As far as I know in order to work in Kidotai one have to spend at least a year in intensive practice of specific martial art - karate, judo, kendo or aikido.

Jacques Payet sensei. It is chosen voluntarily. Generally to become a police one should be black belt in any martial art: judo, kendo, karate or aikido. But if they want to become a special police, they have to do a special course, to join instructor course to be able to become special policemen.

So it is not necessary to take aikido courses? It can be also karate, judo or kendo courses?

Jacques Payet sensei. Yes, but only in aikido there is an intensive one year special course. In karate they visit karate dojo after work.

How many candidates to Kidotai choose Senshusei courses?

Jacques Payet sensei. We can take only ten candidates to Kidotai every year. So it is selection inside a police academy between candidates. They evaluate academic performance, discipline, and attitude, and so on. Dojo, if it will be too big it cannot give good instructions. So it should be small.

What is the main purpose of these courses (to train instructors, to train the police, to get skills of hand-to-hand fight)?

Jacques Payet sensei. The main purpose, because we a talking about 40 years ago, so when they started it was important for Shioda sensei and for police. The most important for police is to have a very strong spirit. That is means: never give up, to become strong, morale, discipline, become solid. Certainly it is important to get skills in aikido, also be able to arrest without hurting, because in police you cannot punch or kick, so you have to be able to arrest criminals without hurting. So they learn some skills, but the most important is to get a very strong spirit. It is the main purpose of the course.

What about the courses "Kenshusei" in your dojo? How many people trains under this program at the present time?

Jacques Payet sensei. It's a very new program, so I tried to keep it small. So now there are maximum 8 students. But in my course I try to combine both: training of strong spirit with my personal understanding of aikido, with my personal experience. So after one year people have better understanding of balance, focus of power, energy. And after one year they can start working by themselves. So when they will back home they will be able to develop their techniques.

Are the trainings in this course very intensive like in Senshusei?

Jacques Payet sensei. Yes.

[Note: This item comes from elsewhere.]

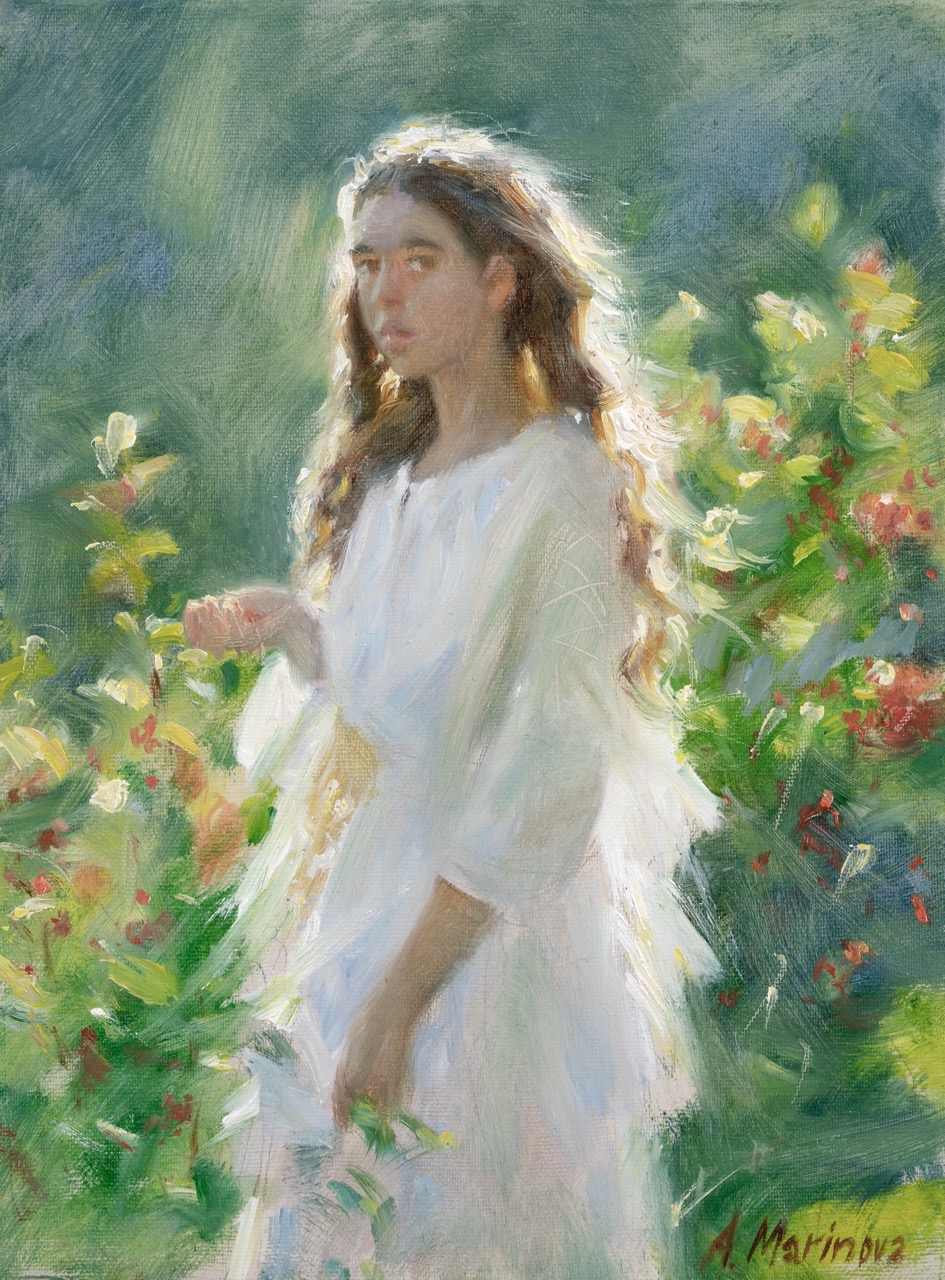 В саду - 1, Анна Маринова, Купить картину Масло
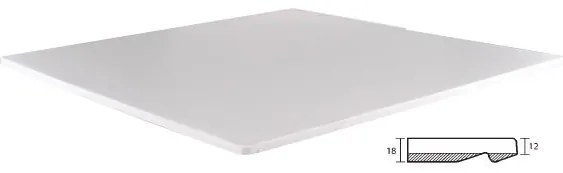 ISO TOP Sliq Plus Επιφάνεια Απόχρωση Pearl White  80x80cm/18mm Ε108,08PLS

But in old Senshusei course most important was very strong spirit and discipline. But I, of course, I kept part of that but also added personal development. So personal development based on very good understanding of balance, energy and principles of aikido.

And these people, who participate in Kenshusei courses in your dojo. Where are they from and what is their occupation?

Jacques Payet sensei. They are young. Generally they have one or two years in aikido but they are very motivated. Generally they have just graduated from college or they started to work, but not married yet, so they can leave everything and come to dojo. Most of them are from Europe, from Canada. From Japan also.

Are there Senshusei courses in Hombu today?

Jacques Payet sensei. Yes. They are present.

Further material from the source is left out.